В то же время, конечно, не все подчиненные барона были такими же бессребренниками, как он сам, и торговые операции с реквизированной «добычей» давали немало возможностей для личного обогащения, тем более что отчетности, в том числе и денежной, Унгерн не любил. Но те, кто обманывал доверие генерала, подвергались жестокому наказанию, и печальные примеры офицера-казнокрада, умершего под палками, или интенданта, закупившего недоброкачественный фураж и заставленного в присутствии барона съесть всю пробу сена, непригодного для лошадей, – должны были остановить и заставить задуматься их возможных последователей.
Принятая в войсках Унгерна система наказаний стала другой излюбленной темой россказней о «кровавом бароне». Многое в них преувеличивалось, хотя понятие «палочной дисциплины» было для его подчиненных отнюдь не отвлеченным и не образным. «Вы считаете, что было [бы] хорошо восстановить эту систему всюду?» – передает диалог с Унгерном «общественный обвинитель» ново-николаевского процесса. – «Хорошо». – «И по отношению к офицерам?» – «То же самое». – «Значит, вы считаете, что дисциплина, которая была в войсках при Павле, при Николае I, – это правильно?» – «Правильно».
Отметим здесь принципиальное непонимание «собеседниками» друг друга: если для коммунистического прокурора Императоры Павел и Николай – это пугала, сами имена которых являются отталкивающими ярлыками, то для русского офицера с ними связаны воспоминания о славных боевых страницах, которым отнюдь не мешали павловские (и суворовские, о чем есть упоминание в «Науке побеждать»!) палки и николаевские шпицрутены. За коммунистом стоит отвлеченная идея, в теории ужасающаяся телесным наказаниям, но допускающая децимации [159] и систему заложников; за офицером же – взгляд на всемирную военную практику, лишь в начале ХХ века отказавшуюся от этих наказаний.

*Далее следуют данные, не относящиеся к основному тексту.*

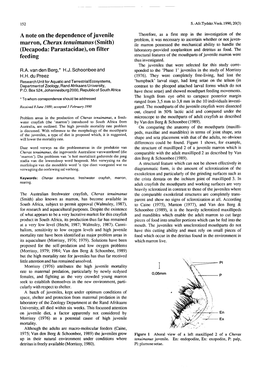 A Note on the Dependence of Juvenile Marron, Cherax Tenuimanus (Smith) (Decapoda: Parastacidae), on Filter Feeding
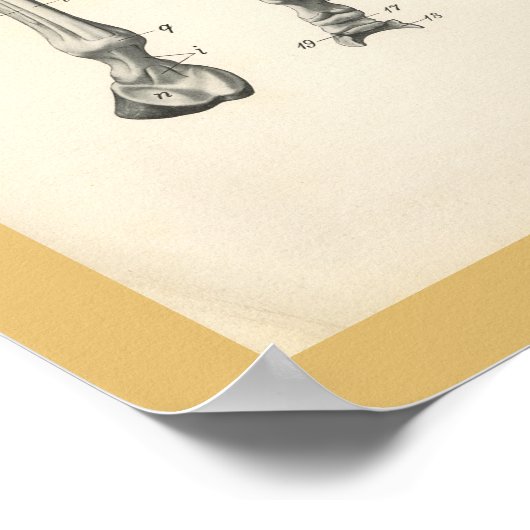 馬の獣医の脚の骨の筋肉解剖学プリント ポスター (角)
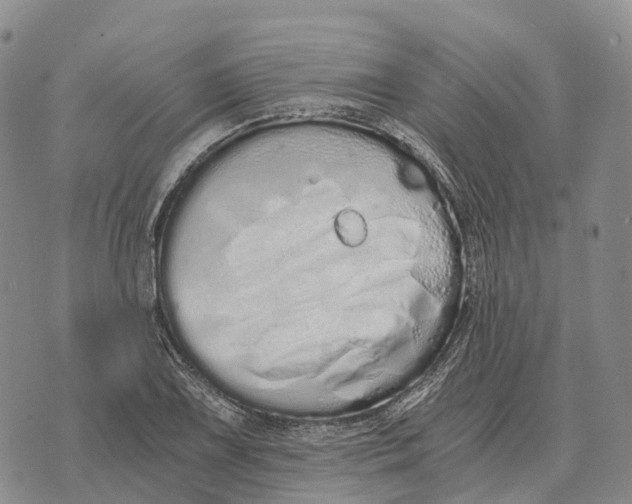 X0000073721075200608311814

Упоминают мемуаристы и о манере Унгерна загонять провинившихся на крыши домов, однако эта мера, при всей своей необычности, не выглядит простым самодурством. «Зимой, – рассказывает современник, – барон не сажал на губу [160] : арестованный, одетый в теплую доху, выпроваживался на крышу, и там, особенно в пургу, судорожно цеплялся за печную трубу, чтобы не быть сдутым с 20-метровой высоты на чуть припорошенную снегом промерзшую даурскую землю. Трое суток такого сидения превращали в образцовых солдат самых распущенных и недисциплинированных людей». И неудивительно, что мемуарист, бывший в 1920 году юнкером, вспоминал, как его однокашники «как только где-либо усматривали барона, так опрометью кидались в броневую коробку [161] , закрывали дверь и через бойницы следили, куда продвигается опасность».